Chido Johnson’s “Let’s Talk About Love, Baby”

The Art of the Artist’s Book at the Oakland University Art Gallery through April 4, 2010
Valentine’s Day Event! Special informal talk with collaborating artists, Sunday, Feb. 14 from 2 to 4 p.m.

alt textFahrenheit 450 (Homage to Bradbury and Orwell), 2000-2010
by IAIN BAXTER&

Not one of those touchy-feely people? Don’t like to talk about love? Well, JUST GO READ A BOOK. Seriously! Read one of the books designed and made by an artist in Chido Johnson’s traveling project/installation, “Let’s Talk About Love, Baby.”

Born and raised in Zimbabwe, Johnson spent his youth reading whatever he could get his hands on. As fate would have it, the rural mission small library had an abundance of romance novels. At the time the project was conceived Johnson was living and teaching in Sweden, he came to the US at a time when love was not in the air. Politics du jour were focused on the tense situation in the Gaza Strip. Johnson responded strongly to how society diminished the individuals affected by the violence by referring to them as “these people.”

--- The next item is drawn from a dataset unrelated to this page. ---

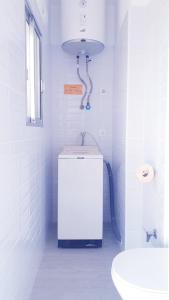 La salle de bains blanche est pourvue de toilettes et d'un lavabo. dans l'établissement Apartamento playa LLevant mejor zona Salou, à Salou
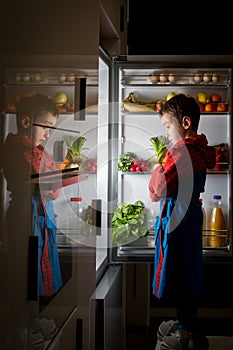 Midnight snack, looking into fridge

Thinking about our innate ability to homogenize individuals, Johnson turned to art, and the book project specifically, to root us back into experiencing love, life and humanity directly by living rather than being fed information off a computer screen. Picking up one of the books from the beautifully crafted wooden shelves made by Johnson himself, you are swept into the precious imaginings of artists’ creations from around the world, using cassettes, tape recorders, French literature, sculpture, painting, silversmith, collage, photography and more. We’re taken on a journey into the heart and soul that leads us to what Johnson calls the “in-between space where pain and pleasure exist simultaneously … a space the word love can only begin to describe.”

Johnson’s vision is to someday have 1,000 uniquely made books, a library of love. The website created for the artists who participate in the project is an artistic labor of love. Visit http://www.letstalkaboutlovebaby. He was also chosen to be part of a conference on February 13th with “Artists” Book Reading, at the Joan Flasch Artists’ Book Collection at the CAA Conference in Chicago, http://www.collegeart.org/.

Johnson’s project is part of a larger show at the Oakland University Art Gallery, The Art of the Artist’s Book, works chosen lovingly by curator Dick Goody. In the exhibition’s beautifully crafted fold-out catalogue, Goody writes articulately about artists’ books:
“Walter Benjamin implied that only little-known, little-seen works of art…retain this pejoratively perceived aura. Artist’s books are therefore problematic in the sense that they evade such mass appeal…Their conversion into the realm of mass culture is almost impossible, which makes this exhibition all that more valuable; it is an exploration into the realm of intrinsically exclusive and private material.”

Participating artists range from local artists Lynne Avadenka, Ed Fraga, Susan Goethel Campbell and Dennis Jones to internationally renowned artists like Kiki Smith, Kara Walker, Mathew Barney and Christian Boltanski.

The breadth of work in the show is overwhelming, plan to take your time going through this exhibit. Like a good book you will not want to put it down.